BEGIN
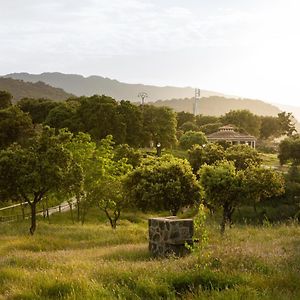 Carrascalejo Los Chozos Del Geoparqueゲストハウス Exterior photo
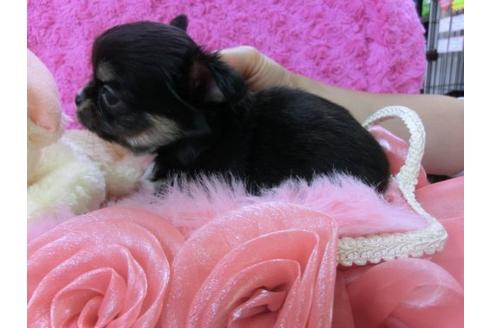 成約済の京都府のチワワ-20384の2枚目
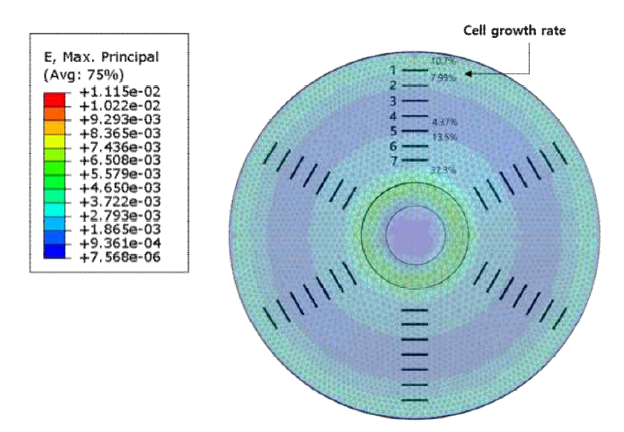 배양부의 변형률 분포 및 세포의 성장률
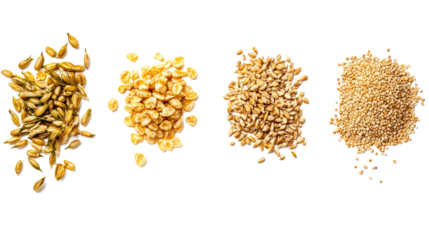 Malt Grains for Brewing on a Transparent Background Generative AI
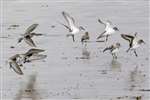 Dunlin and Sanderling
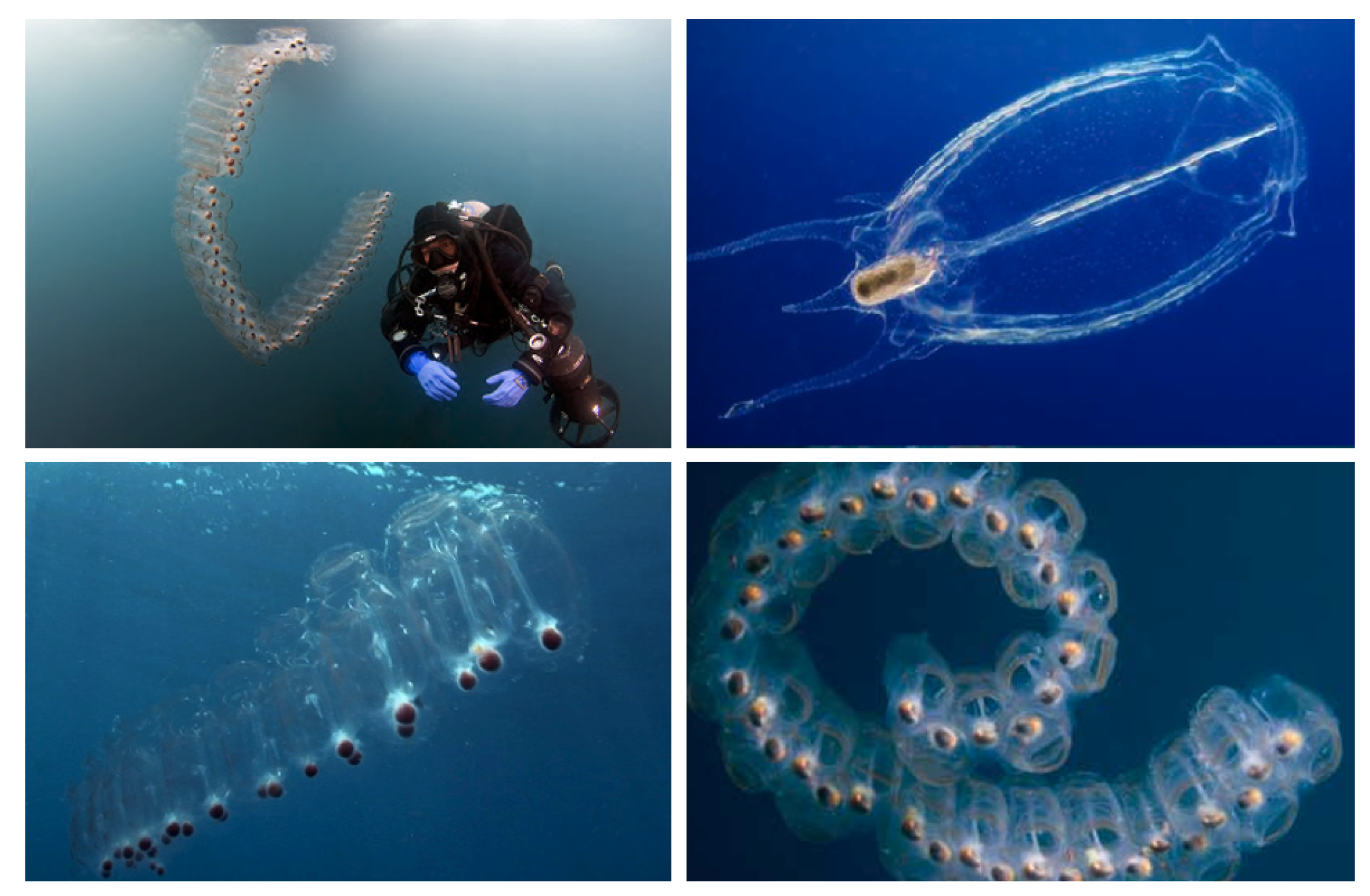 Energies 16 04973 g006 Energies 16 04973 g006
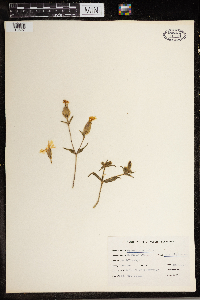 Silene vulgaris image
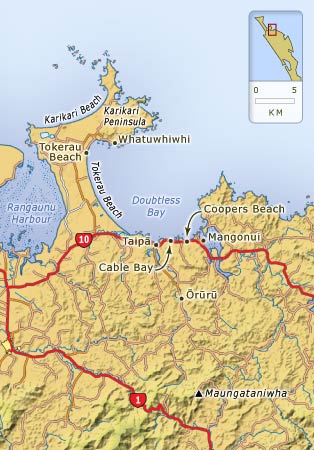 Mangōnui and district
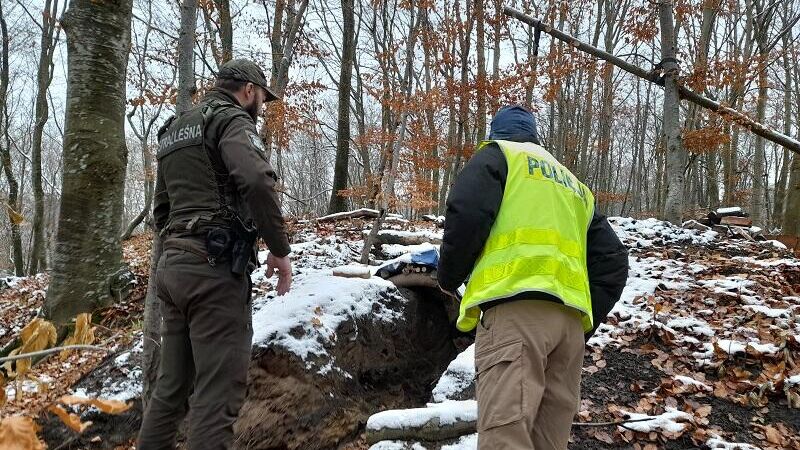 Полиция на месте, где два жителя Поморского воеводства повредили территорию городища, относящегося к периоду раннего Средневековья - РИА Новости, 1920, 23.11.2022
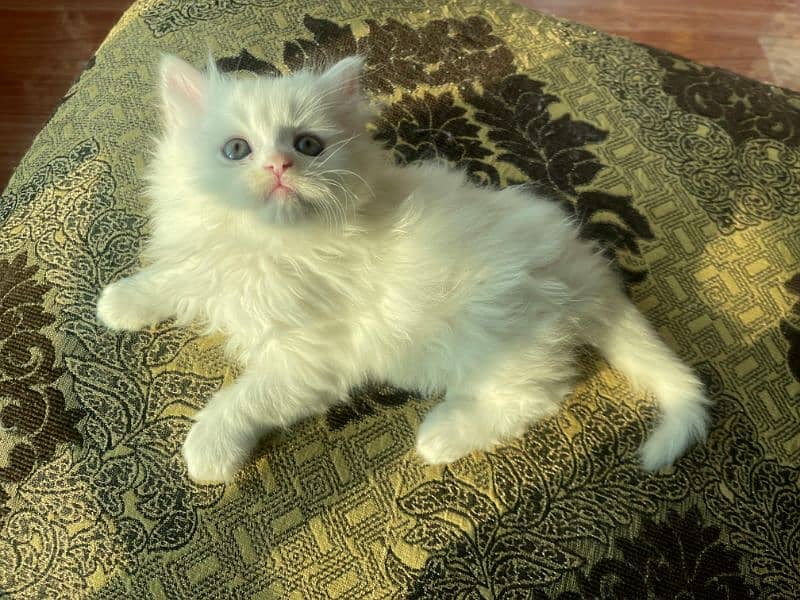 5 Persian Kittens for Sale(1.5 Months Age, Litter trained) 5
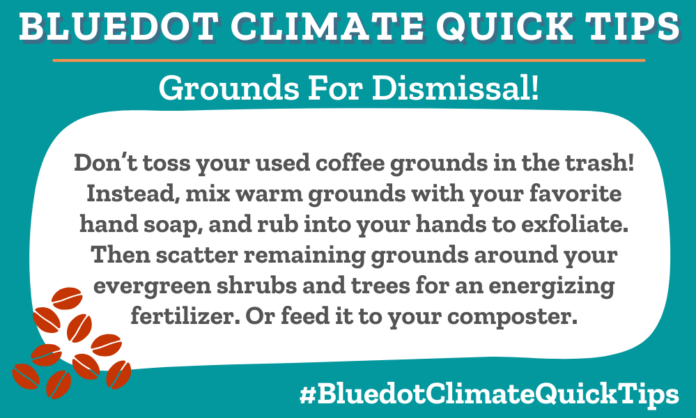 Don’t toss your used coffee grounds in the trash! Instead, rub warm grounds into your hands, mixed it with your favorite hand soap, to exfoliate. Then scatter remaining grounds around your evergreen shrubs and trees for an energizing fertilizer. Or feed it to your composter.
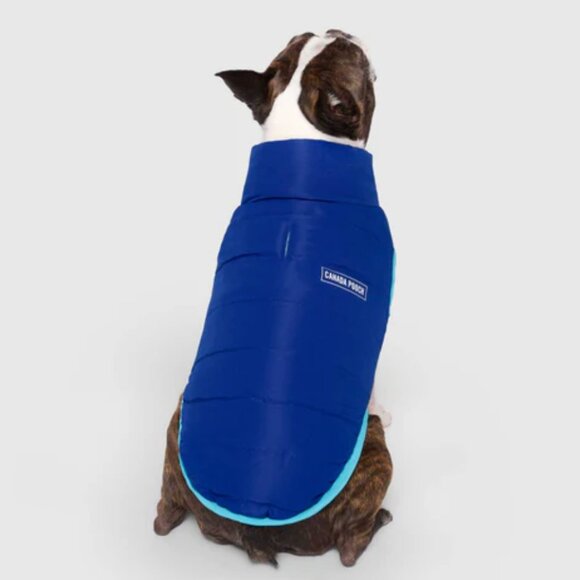 Canada Pooch Reversible Puffer Vest Blue/Teal - Picture 1 of 5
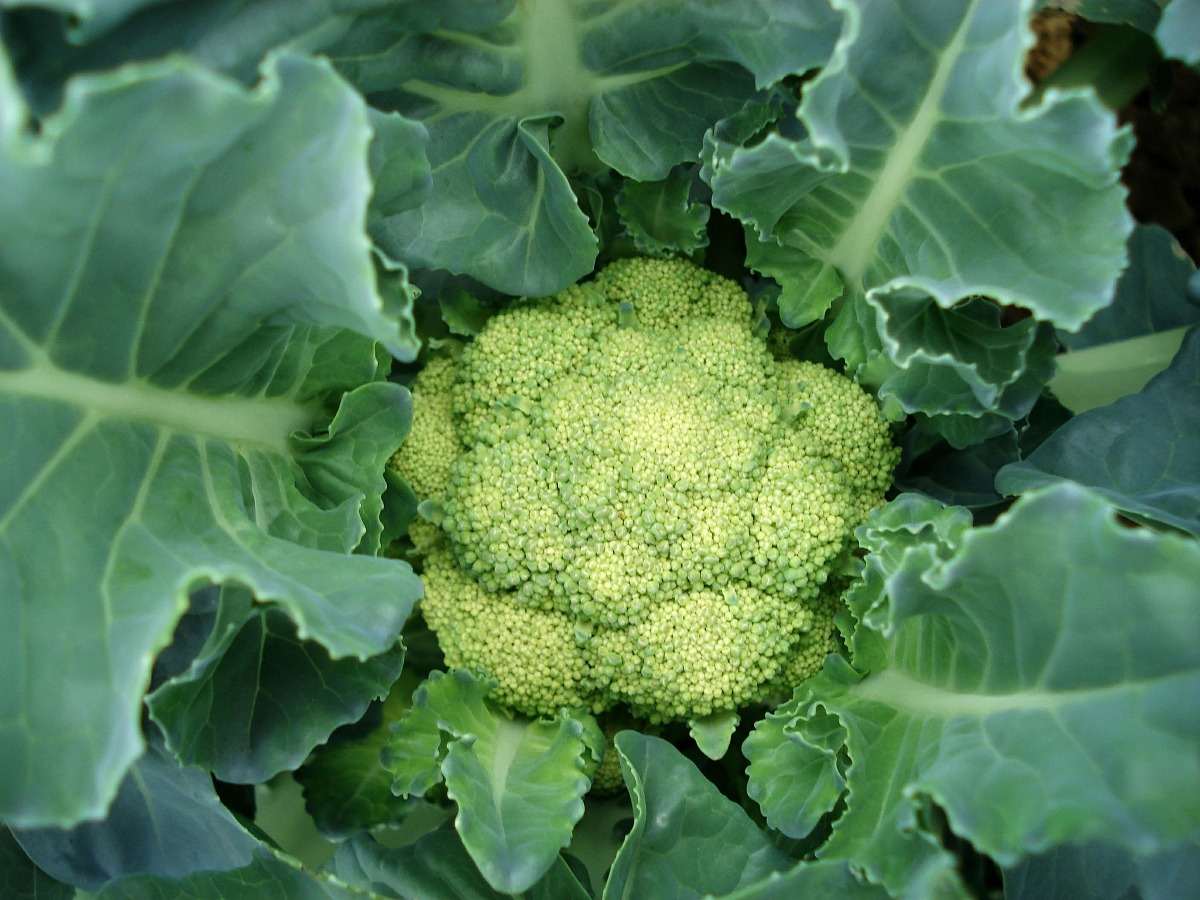 Cauliflower Seed Germination, Time, Temperature Gardening Tips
END
§ **Your objective**:
Output the whole listing without change. Any picture is to be left out.

§ **Answer area**:
 Carrascalejo Los Chozos Del Geoparqueゲストハウス Exterior photo
 成約済の京都府のチワワ-20384の2枚目
 배양부의 변형률 분포 및 세포의 성장률
 Malt Grains for Brewing on a Transparent Background Generative AI
 Dunlin and Sanderling
 Energies 16 04973 g006 Energies 16 04973 g006
 Silene vulgaris image
 Mangōnui and district
 Полиция на месте, где два жителя Поморского воеводства повредили территорию городища, относящегося к периоду раннего Средневековья - РИА Новости, 1920, 23.11.2022
 5 Persian Kittens for Sale(1.5 Months Age, Litter trained) 5
 Don’t toss your used coffee grounds in the trash! Instead, rub warm grounds into your hands, mixed it with your favorite hand soap, to exfoliate. Then scatter remaining grounds around your evergreen shrubs and trees for an energizing fertilizer. Or feed it to your composter.
 Canada Pooch Reversible Puffer Vest Blue/Teal - Picture 1 of 5
 Cauliflower Seed Germination, Time, Temperature Gardening Tips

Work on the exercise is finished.